In their Modern Mobile Design Language: from Transportation to Pixels - Metro for Windows Phone 7 presentation at Design for Mobile in Chicago IL, Albert Shum and Paula Guntaur discussed the principles behind the Windows Phone 7 design.

The UX themes for Windows Phone 7 are personal, relevant, and connected. Personal is about a sense of identity. The phone knows who you are, where you are, and more. As mobile changes context, how does your phone stay relevant? Connected allows you to be engaged with rich services and people you care about.

The Windows Phone design team started by looking at what people do in real life. They were really inspired by transportation graphics, which are: grounded in good design that allows people to find their way, simple, and universal. The influence of transportation graphics is why the Windows Phone UI is codenamed “Metro”. Bold colors, simple, but out of the way when not needed –like transportation graphics.
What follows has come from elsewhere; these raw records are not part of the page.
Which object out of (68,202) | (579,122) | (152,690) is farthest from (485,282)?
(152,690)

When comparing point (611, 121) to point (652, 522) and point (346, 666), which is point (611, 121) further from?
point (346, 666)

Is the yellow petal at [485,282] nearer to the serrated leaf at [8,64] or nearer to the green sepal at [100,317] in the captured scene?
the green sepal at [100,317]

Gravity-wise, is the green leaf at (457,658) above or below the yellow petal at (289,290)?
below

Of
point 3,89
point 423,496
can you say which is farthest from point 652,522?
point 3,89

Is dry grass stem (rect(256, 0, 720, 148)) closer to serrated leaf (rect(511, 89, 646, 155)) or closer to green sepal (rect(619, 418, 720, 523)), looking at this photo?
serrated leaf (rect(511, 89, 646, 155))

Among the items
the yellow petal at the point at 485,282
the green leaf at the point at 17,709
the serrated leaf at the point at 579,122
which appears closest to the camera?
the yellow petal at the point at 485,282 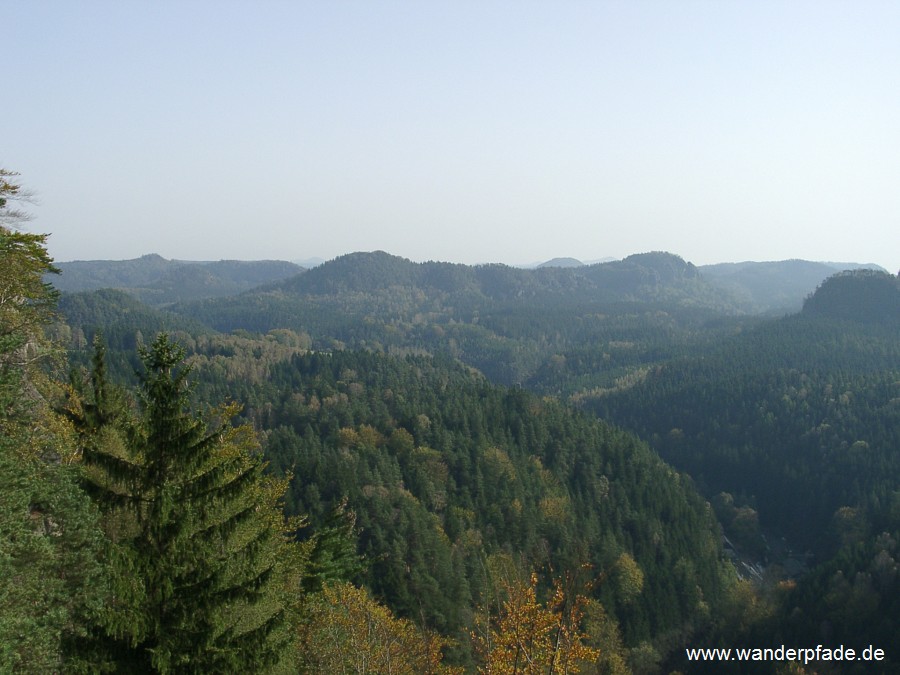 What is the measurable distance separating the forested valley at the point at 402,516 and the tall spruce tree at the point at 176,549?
70 millimetres

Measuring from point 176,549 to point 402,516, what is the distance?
222 feet

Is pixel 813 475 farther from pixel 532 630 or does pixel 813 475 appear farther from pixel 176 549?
pixel 176 549

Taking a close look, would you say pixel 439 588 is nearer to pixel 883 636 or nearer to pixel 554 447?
pixel 883 636

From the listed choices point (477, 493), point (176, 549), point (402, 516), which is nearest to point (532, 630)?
point (176, 549)

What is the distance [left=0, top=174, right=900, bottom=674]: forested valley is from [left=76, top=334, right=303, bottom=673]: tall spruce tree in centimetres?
7

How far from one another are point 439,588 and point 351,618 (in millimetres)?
46248

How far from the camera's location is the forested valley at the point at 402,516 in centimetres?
1605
Metro is the Windows Phone 7 design language. It’s modern and clean. It’s fast and in motion. It’s about content & typography. And it’s entirely authentic.
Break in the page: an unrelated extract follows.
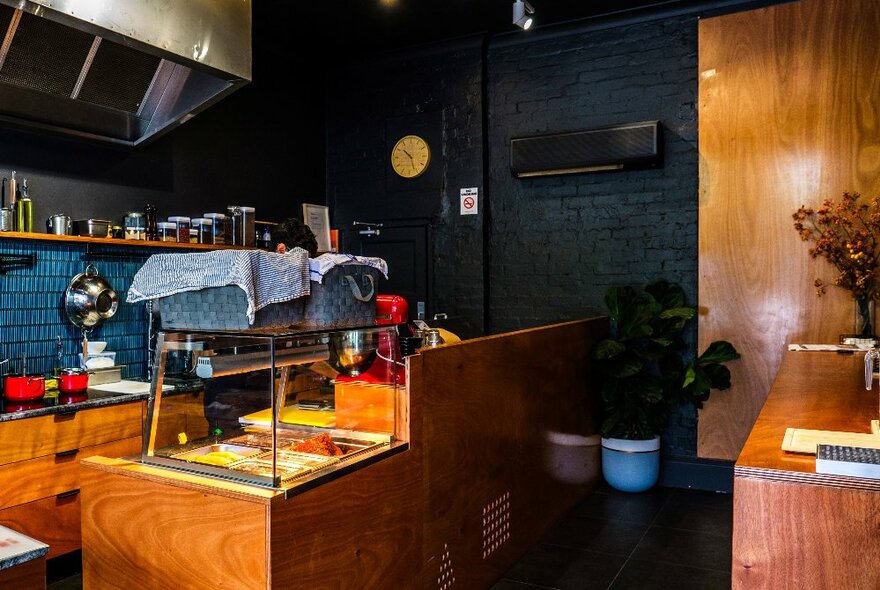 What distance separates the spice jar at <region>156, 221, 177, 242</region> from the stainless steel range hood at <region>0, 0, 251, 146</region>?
49 centimetres

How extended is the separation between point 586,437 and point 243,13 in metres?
3.10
Metro Principles: way to interpret the design language and make it yours.

Clean, Light, Open, & Fast

  • Feels fast and responsive
  • Focus on primary tasks
  • Do a lot with very little
  • Fierce reduction of unnecessary elements
  • Delightful use of whitespace
  • Full bleed canvas

Celebrate Typography

  • Type is beautiful, not just legible
  • Clear, straightforward information design
  • Uncompromising sensitivity to weight, balance, and scale

Alive in Motion

  • Feels responsive and alive
  • Creates a system
  • Gives context to improve usability
  • Transition between UIs is as important as the design of the UI
  • Adds dimension & depth

Content, not Chrome

  • Delight through content instead of decoration
  • Reduce visuals that are not content
  • Content is the UI
  • Direct interaction with the content

Authentically Digital

  • Design for the Form Factor
  • Don’t Try to be What it’s NOT
  • Be Direct

Metro Principles in Action

  • The phone should look different depending on who picks it up. The Metro home page shows pictures of contacts and relevant content in “live tiles”. Any application can be pinned to the home screen.
  • Hubs allow you to integrate content around a single media type. You can see your pictures and photos from others.
  • When on the phone you are in the real World. Search on the mobile device is focused on getting you the right answer quick.
  • Services can flow between three screens. Example: Xbox 360 avatars can be updated on phone, TV, or laptop.
  • Personal: my content, customization, entry points
  • Relevant: don’t overdo it, new opportunities, context
  • Connected: compliment, don’t duplicate, optimize for the scenario.
  • Consistency: as designers we love consistency. But does it limit you and create too many boundaries? You need constraints but also need an opportunity to express your creativity. Apps have more consistency then the Web. This helps users.
  • Layout and hierarchy of Metro pages followed a print metaphor. It stems from magazine design.